Chamblee is always at risk to follow them into the stratosphere but he manages to stay grounded with a few weightier passages, digging deeper for a grittier sound a third of the way through – and answered with some of Garrett’s best lines it should be added – but he too seems to lose himself in the dreamy ethereal vibe they’re giving off and rather than jolt himself, the band and us back into something more solid, he’s content to leave the earth’s gravitational pull altogether by song’s end… drifting along, bothering no one.
The Bough Breaks
That’s probably the best way to describe this record, and for that matter Chamblee’s stab at becoming a headliner in rock circles, both of which he gives up without much of a fight.
If it’s possible to sense a person’s mood in the music they play Eddie Chamblee comes across as the definition of acquiescent in Cradle Rock. Though honestly it’s more likely that it’s not his mood in the moment that’s being reflected here but rather his musical persona as a whole.
This was who he was, a talented artist whose personality was subservient rather than dominant. There’s a reason why he worked so well alongside Thompson on Long Gone and why his own efforts, where he was the one forced to carry most of the responsibility, were comparatively underwhelming. It also explains why that even as he continued to cut records as a solo act in rock for the next few years on various labels he also sought work as a sideman for more established acts in all fields of music, retreating to where he was always more comfortable, out of the spotlight.

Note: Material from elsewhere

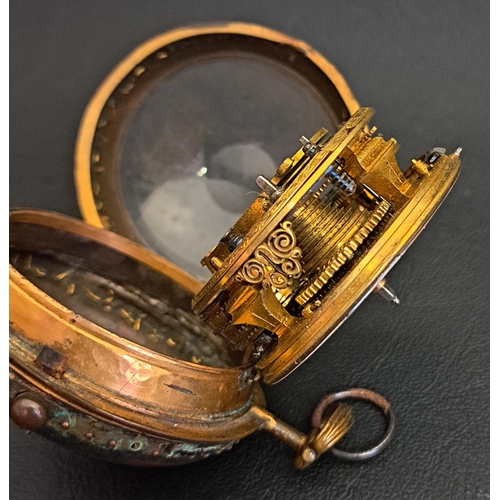 141 - EARLY 18th CENTURY OPEN FACED POCKET WATCH
by Thomas Cartwright, London, the white enamel dial with ... 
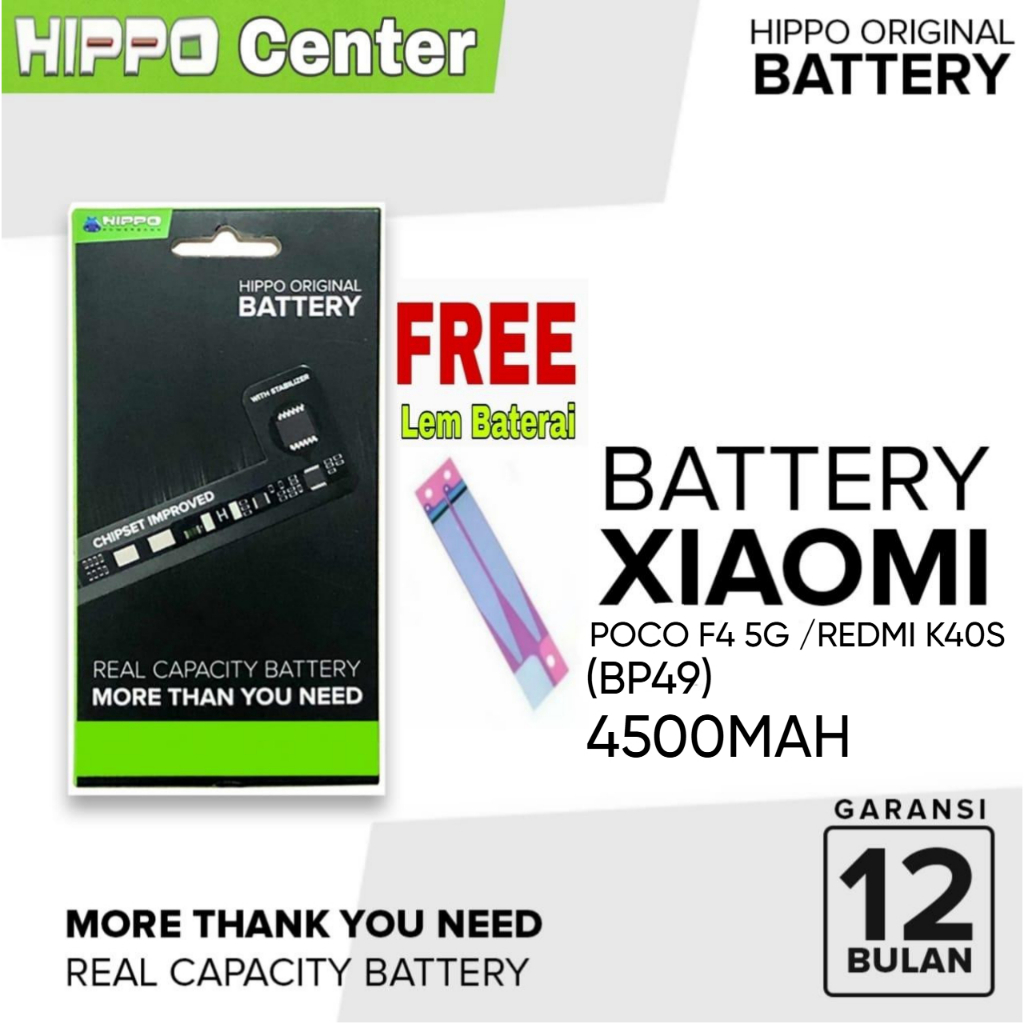 Hippo Baterai XIAOMI POCO F4 5G / REDMI K40S Battery 4500MAH ( BP49 ) ( BP 49 ) ( BP-49 )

In the 1950’s when he worked alongside – and later married – childhood friend Dinah Washington it was she who wore the pants in the family, not to mention on the bandstand and in the studio, something that became obvious when he continued to lead her band even after they divorced and she moved on to another guy.

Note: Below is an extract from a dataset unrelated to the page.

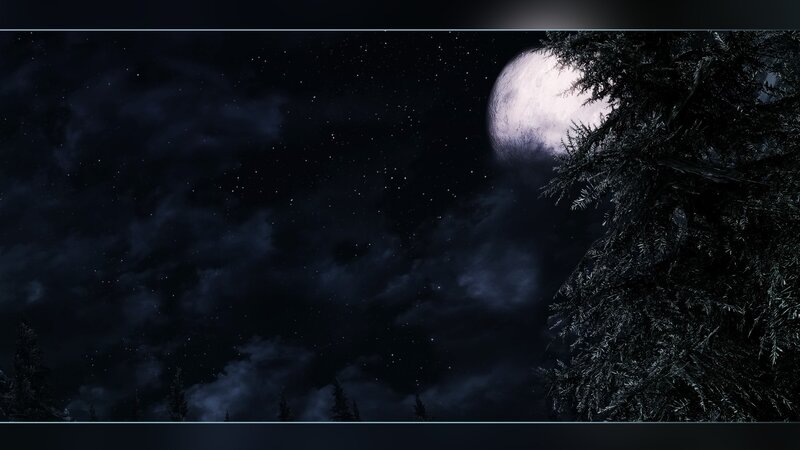Full Moon over Forest — Black, Serene, Night, Digital Art, Stars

Contrary to what some might think this passive disposition doesn’t make Eddie Chamblee a pathetic figure in life or in music – frustrating maybe, but not someone to be pitied. It does however make his output less compelling as a whole.
This song is his life in a nutshell… He plays well but never demands to be noticed. He does what’s asked of him without insisting on others doing as he wants. He fits in without standing out. Yet he carries on in the face of it all, in exultation and disappointment alike… persevering, surviving, just quietly existing.
SPONTANEOUS LUNACY VERDICT:
(Visit the Artist page of Eddie Chamblee for the complete archive of his records reviewed to date)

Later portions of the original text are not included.